The last decade, however, has seen a decline in our capacity to convert raw materials into finished goods. Since 2007, our production of bauxite has increased by more than 50 per cent, yet our aluminium production has fallen by 20 per cent.
We are exporting more raw materials to the world but less manufactured goods.
The decline in aluminium production is reflected in the decline of our broader industrial production. In 2020 Australia produced fewer manufactured goods than we did in 2010. That is the first time on record that our industrial production has fallen over a decade.
Late last year we hit a new low of Australians employed in manufacturing at fewer than 850,000 people.
To reverse this decline we need a frank discussion about why we are in this mess and what we must do to restore Australia's industrial strength. Too often politicians give glib answers to these questions like there will be lots of jobs in renewables, or hydrogen is on the way to save us all. These don't tackle the real problems afflicting Australian manufacturing.

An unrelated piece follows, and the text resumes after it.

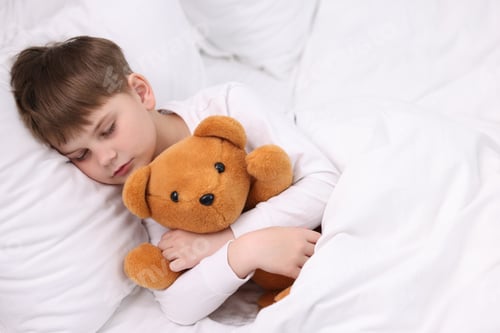 Preview: Cute little boy sleeping with his teddy bear on bed at home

The Nationals Backbench Policy Committee - that I Chair in Canberra - has developed a 9 point plan to double jobs in Australian manufacturing.
We are producing less because our power prices have skyrocketed and some foreign countries are giving huge subsidies to their industries in contravention of international trade rules.

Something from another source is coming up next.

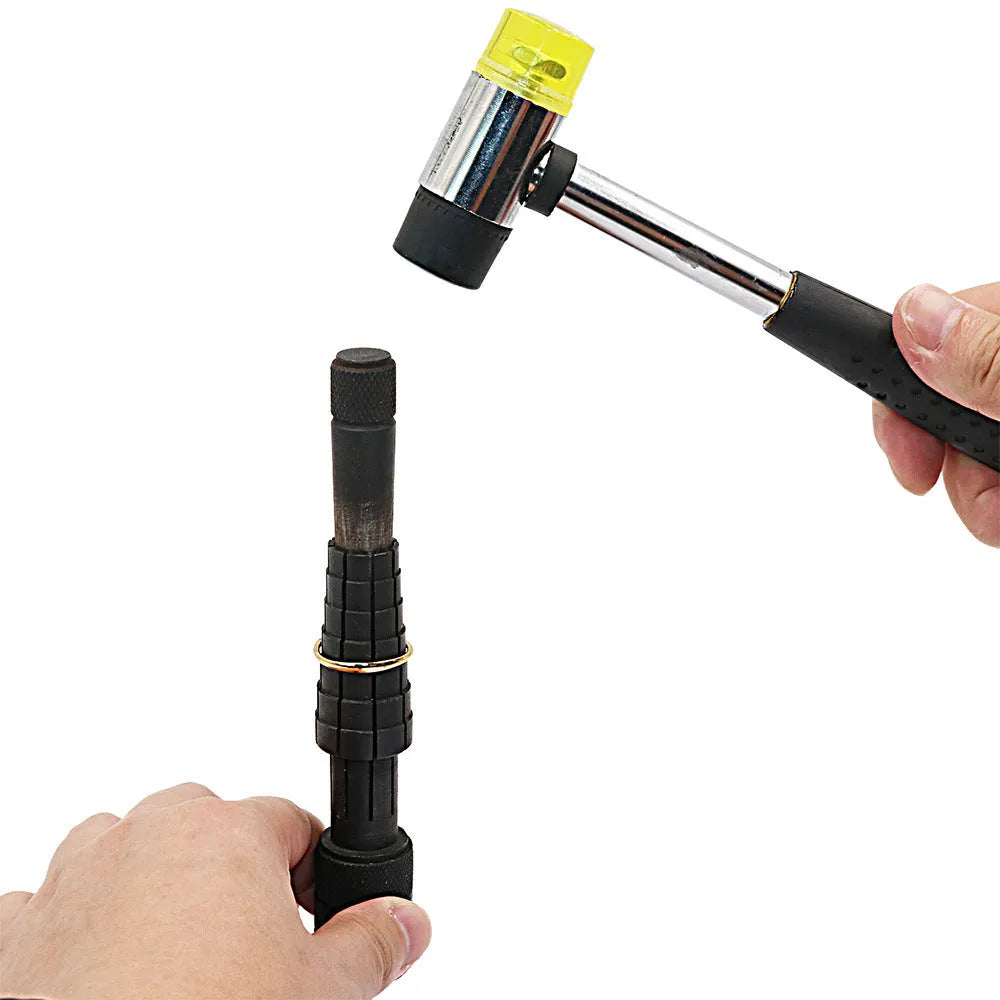 Ring expansion size adjustment tools including circular stretcher and rubber hammer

We used to have some of the cheaper power prices in the world but now our prices are the 5th highest in the developed world.
Since China joined the WTO in 2001 it has blatantly subsidised domestic production. Some studies estimate that 80 per cent of the profits of Chinese steel firms' come from government subsidies.
So to restore our manufacturing strength the Nationals Backbench committee proposes to deal with these two fundamental problems.
We should get back to building the cheapest most reliable power around, which for us is coal fired power. Why should we send our high-quality product overseas for them to make the stuff we buy back in Big W and Kmart?
We should protect our own industries and jobs when they are on the receiving end of unfair competition. If other countries subsidise their steel production we should respond with our own protective measures to protect Australian jobs.
The Nationals Committee also proposes to make those building government funded projects to use more Australian content, to expand our efforts to open up new markets, to provide tax incentives and low cost finance for manufacturing investments in regional areas and to improve training for manufacturing skills.
We also believe that we should establish Offices of Regional Manufacturing in Gladstone and Newcastle so that we build on Australia's proud history of making stuff in regional towns.
The aluminium investments in Gladstone in the 1970s were the result of governments forcing companies that mined our bauxite to also invest in facilities that could process that bauxite into higher valued products. There was no similar attempt to force gas producers to use some of the gas in Australia when the large LNG investments came to Gladstone in the 2010s.
That was a mistake. We need to return to a focus on making things again. That is how we will ensure that our country has the strength to withstand the more threatening environment in our region and provide high paying jobs for young Australians.